Modernisation and new lines

The works on the viaduct for line # 7 to Greygoose Circle had started and at the same time in the early 1950ies the urban planers think about the next needed metro-tracks. Some old planes stand at top of the list as

  • prolongation of line # 1 to Salsa
  • prolongation of line # 3 to Lushwood Island
  • prolongation of line # 6 to Jaikhoom and Salsa
  • a line from the city via Khanmai Street and Eastside Avenue to Khagwai Beach (as first planed for line # 4)
  • the new line Sloebush - Airport with a bow south of the city as linking line - named as line # 8
  • an other new line from Boornai via Jaikhoom and south of the Khaiwoon Hill to Oktogon Hill and Ralaphan - named as line # 9 at this time.

From suburbs, not connected with the metro-net, as usual come the more or less loud wishes for a new line in this neighborhood. Therefore in the planing office of the town lays a long list of possible metro-lines, which may be useful. But who will pay?

Prolongation of platforms

As usual at the time around 1910, platforms are shorter as today. In the beginning trains on metro-lines often come in use for 4 wagons or 6 wagons. In Khaiwoon from the beginning the platforms af the stations are 100 m for trains with 6 wagons. In the 1940ies the town started a programm to prolongate this platforms up to 150 m, that trains with 9 wagons can run. First line in this update-work was the most busy line # 2, followed by lines ## 3 and 5. The other existing lines follow til 1961, as this work was finished. New constructed lines since 1950 from the beginning has platforms with a lenght of 150 m. Only line # 10 til today has platforms of 100 m.

Bougainville controverse

People with more influence live in Ralaphan and Oktogon Hill. The branch of line # 1 terminated at the eastern end of the Botanical Garden at Bougainville Place. So it must be easy - as people in Ralaphan say - to prolongate the line through the park to southern Ralaphan. "30 years we have a metro short away and the town does nothing, to bring it to us".
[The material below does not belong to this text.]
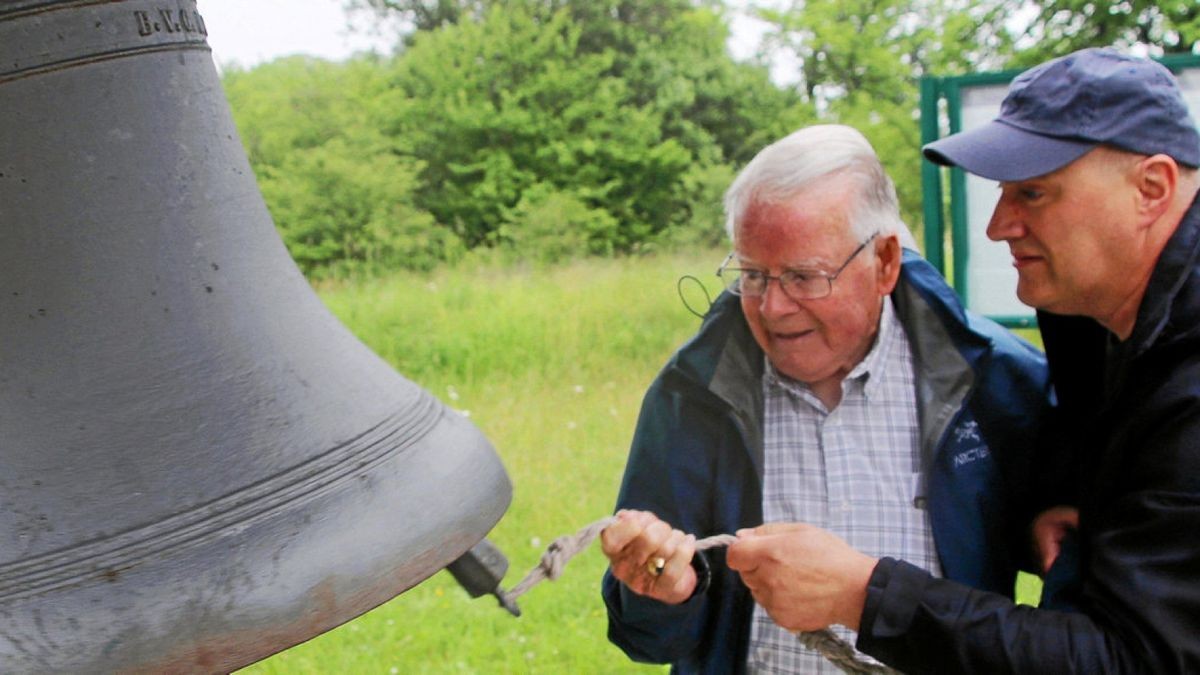 US-Kriegsveteran Erwin Davis (links) und Klaus-Peter Schambach aus Crawinkel läuten die Gedenkglocke auf dem Truppenübungsplatz.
That was the one side of the medaille. On the other hand line # 1 makes a great bow to the east, before the line reaches the city - and then only the east and north of the city. So people think, the branch to Bougainville Place (and may be Ralaphan) can be better be a part of line # 2, who reaches the inner town with a more straight way.

Other people mean, that to have branches generell is negativ, because after the forking there are only half of the trains - may be it was a branch of line # 1 or # 2. Therefore they want to prolongate the Bougainville brach direct to the city with a new line.

So before line # 8 gets reality there was build a part of line # 9 between Opera and Ferry VII, to serve southern Ralaphan. At the Opera people then can use the lines ## 1 or 2, to get in the city of Khaiwoon. This short line opens at 9th of February 1963. The town promised, the prolongate line # 9 more to the west as a connection to Boornai.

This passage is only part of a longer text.